» WHAT YOU NEED TO DO: Leaving the pictures aside, write out the whole listing below exactly.
Top of STORED DATA
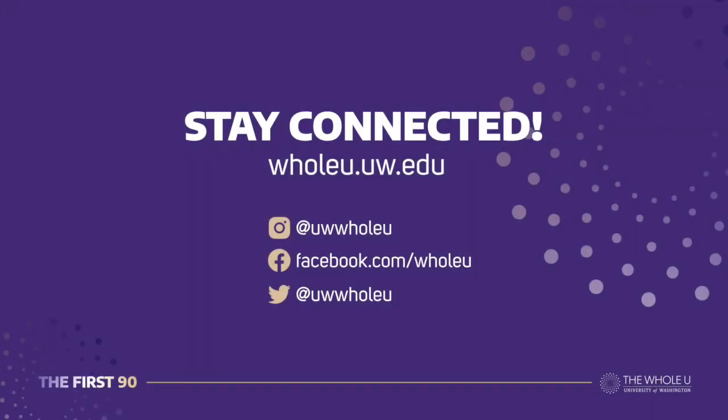Great job, everybody. Ciao, everybody! Bye bye!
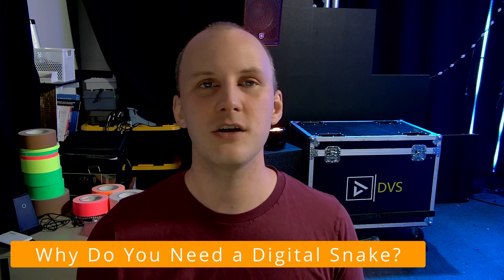If you're not familiar, especially in bigger setups but even in smaller setups, more and more folks are moving to digital snakes versus analog for a number of really good reasons. So let's talk about why.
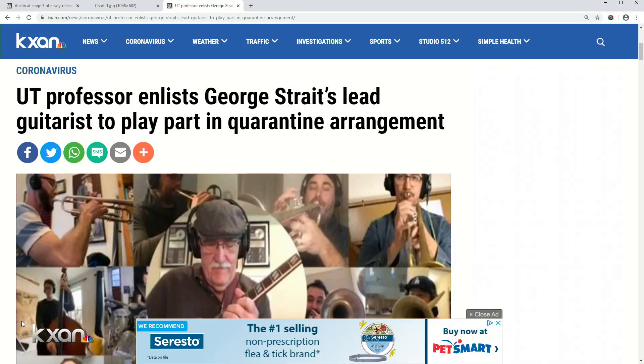Sounds really great. And you can listen to the entire arrangement at kxan.com/newscast.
Bottom of STORED DATA
» WRITTEN RESPONSE:
Great job, everybody. Ciao, everybody! Bye bye!
If you're not familiar, especially in bigger setups but even in smaller setups, more and more folks are moving to digital snakes versus analog for a number of really good reasons. So let's talk about why.
Sounds really great. And you can listen to the entire arrangement at kxan.com/newscast.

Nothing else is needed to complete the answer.